In February this year Dhafir Harris, whose fighting name is Dada 5000, suffered renal failure and two heart attacks during a fight after losing 25% of his body weight.
He told 5 live Investigates he had to have months of dialysis and treatment to help him recover.
"I wouldn't wish the last couple of months of my life on anybody," he said.
The BBC also spoke to an amateur MMA fighter who said he suffered kidney damage after losing weight for a fight. As a result, he was forced to retire from the sport on the advice of his doctor.
Joe Neill said: "I'd water load. I'd drink eight litres, then six, then 24 hours before weigh-in I'd drink one litre and then nothing. Then you get in the sauna and a hot bath and you sweat the rest of the weight off.
"As I was cutting weight I was struggling. I had to be placed back into the bath because I was so weak. I weighed in for the next day but I lost that fight."
Neill added: "After that I started getting pains in my side. I went to the doctors. They said my kidney function was down.
"When I explained the process of cutting weight, they were hugely concerned by that and said I had to stop. That scared me, to be honest.
"You are basically sweating yourself to the edge of death.
"There is always that risk that someone will lose their life. No-one thinks it's going to be them. It's ridiculous what I was doing."
As a relatively new sport in the UK and Ireland there is no regulatory body to ensure businesses, or promoters who organise MMA fights, take measures to safeguard the welfare of competitors, although big promoters say they do take safety very seriously.
In a bid to address safety concerns, a voluntary organisation, Safe MMA, was set up by fighters, business people, industry experts and doctors.
The organisation works closely with the International Mixed Martial Arts Federation (IMMAF) and its UK equivalent, which represents those involved in all aspects of the sport.

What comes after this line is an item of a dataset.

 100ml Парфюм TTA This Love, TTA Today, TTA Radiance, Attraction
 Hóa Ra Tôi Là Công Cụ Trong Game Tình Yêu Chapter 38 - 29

A spokeswoman for IMMAF said: "Extreme weight-cutting practices are a concern in MMA and are strongly condemned as a dangerous risk to athletes by IMMAF and its medical committee."
She said those taking part in IMMAF-approved or organised amateur tournament events taking place over a series of days were encouraged to compete at their "walk around" weight. She said they were also weighed more frequently and closer to the fight and had to pass medical examinations before and after each fight.
She added IMMAF was proposing to introduce a mandatory online educational course on weight-cutting risks, to be included in the online registration application form for IMMAF competitions.
She said the organisation would not oppose the introduction of more weight categories in the sport if it could be shown that it would reduce extreme weight-cutting.
Bellator, which organised Dada 5000's fight, is one of the biggest companies involved in MMA.
A spokesman said the company prided itself on looking after the safety of athletes, funded brain health research and insisted all fighters passed a number of medical tests before competing.